INFORMATION GIVEN:
○ ○ ○ ○ ○
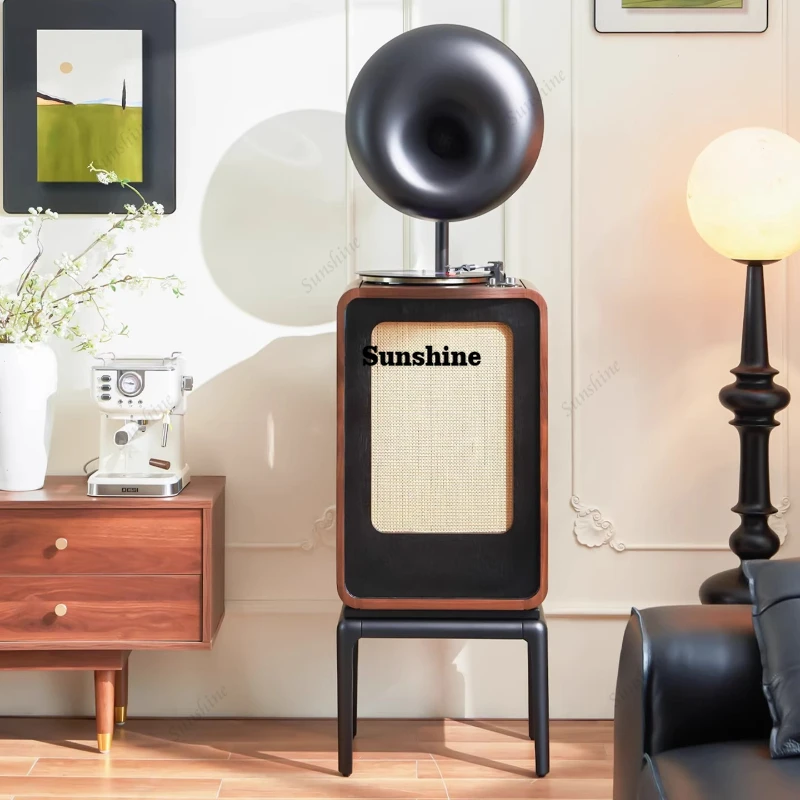 Vinyl, professional grade electric singing, modern light luxury HiFi phonograph, Bluetooth speaker, integrated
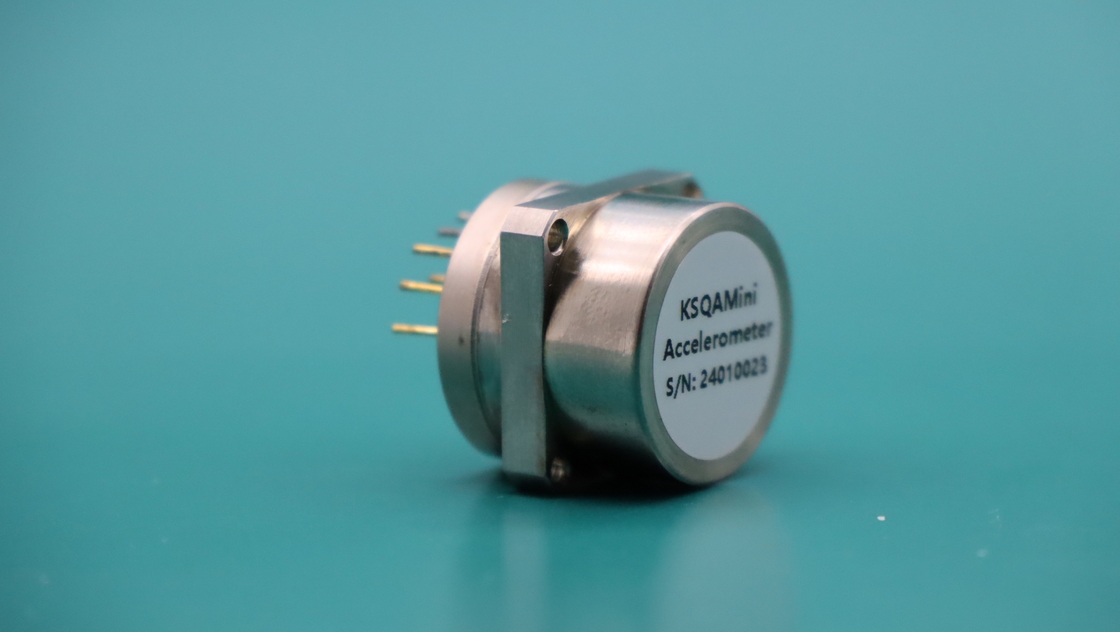 Analogbeschleuniger mit empfindlicher Geschwindigkeit von 2,3-3,5 mA/g für Vibrationsprüfungen,Gewicht ≤ 25 g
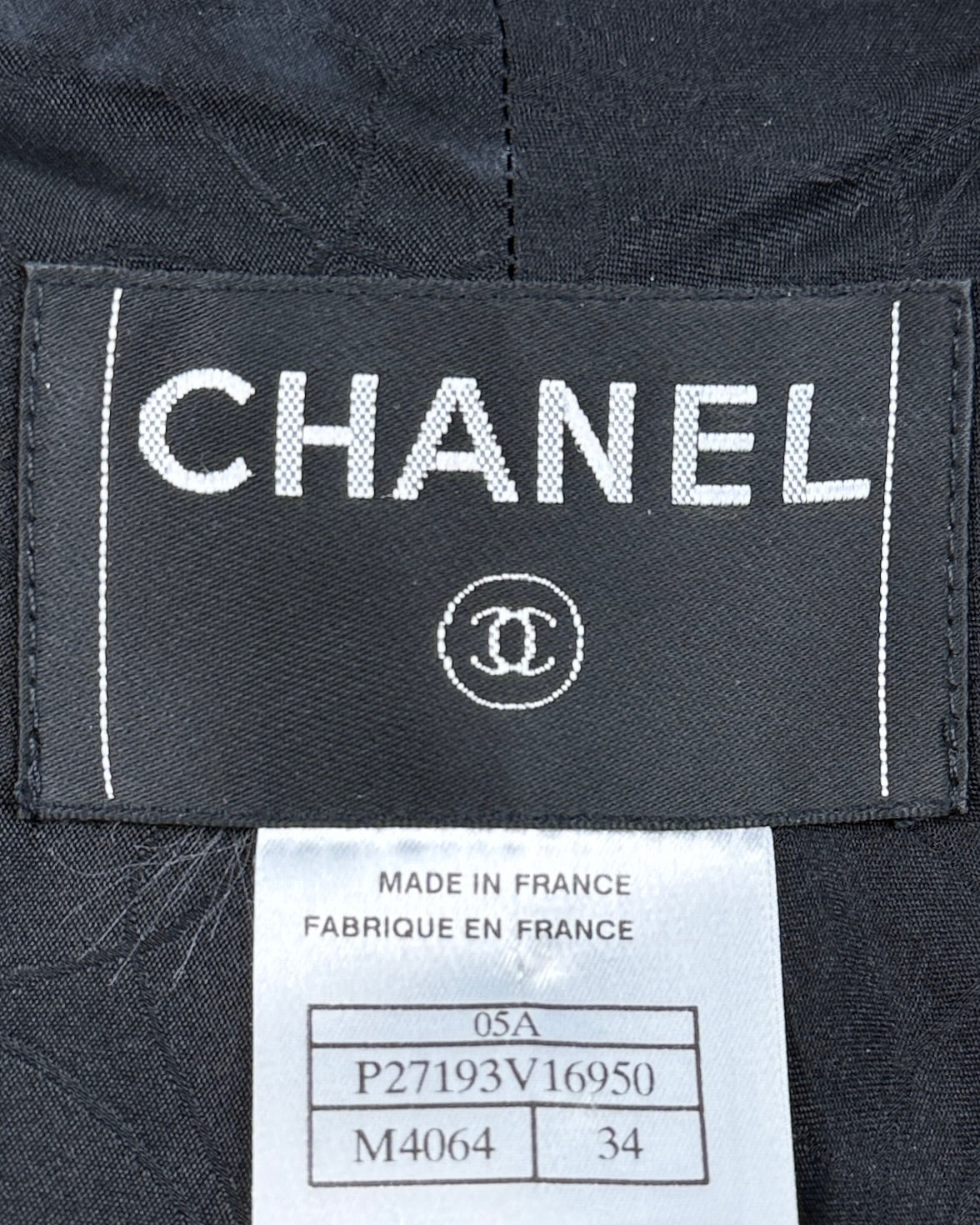 Chanel I Dream of Tweed Jacket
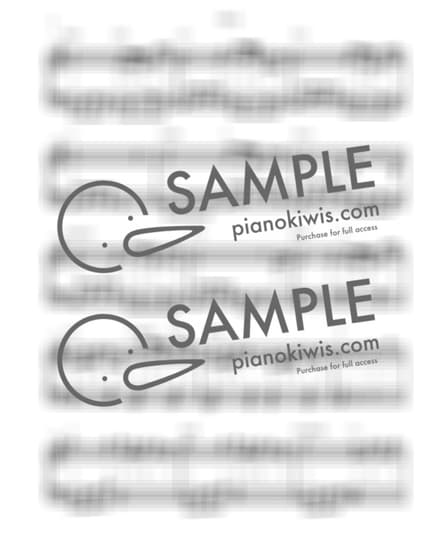 Score > Goose's Dream / 연주버젼 (초급) - Carnival by 나건반 Sheet music image-1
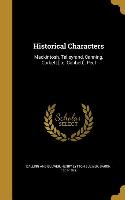 HISTORICAL CHARACTERS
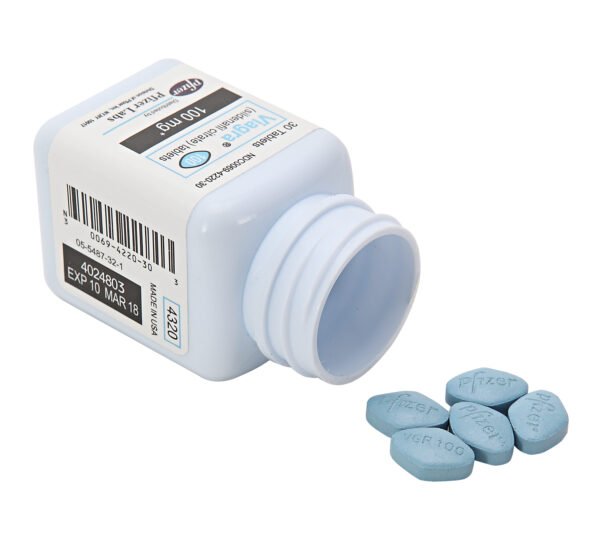 ⁦الفياجرا المعبأة في زجاجات 30 كبسولة الفياجرا 100mg الانتصاب السريع تصلب فايزر الأصلي⁩ - الصورة ⁦2⁩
○ ○ ○ ○ ○
REQUIRED WORK:
Every line above should be output exactly, except for the pictures.

SOLUTION FOR THIS PROBLEM:
 Vinyl, professional grade electric singing, modern light luxury HiFi phonograph, Bluetooth speaker, integrated
 Analogbeschleuniger mit empfindlicher Geschwindigkeit von 2,3-3,5 mA/g für Vibrationsprüfungen,Gewicht ≤ 25 g
 Chanel I Dream of Tweed Jacket
 Score > Goose's Dream / 연주버젼 (초급) - Carnival by 나건반 Sheet music image-1
 HISTORICAL CHARACTERS
 ⁦الفياجرا المعبأة في زجاجات 30 كبسولة الفياجرا 100mg الانتصاب السريع تصلب فايزر الأصلي⁩ - الصورة ⁦2⁩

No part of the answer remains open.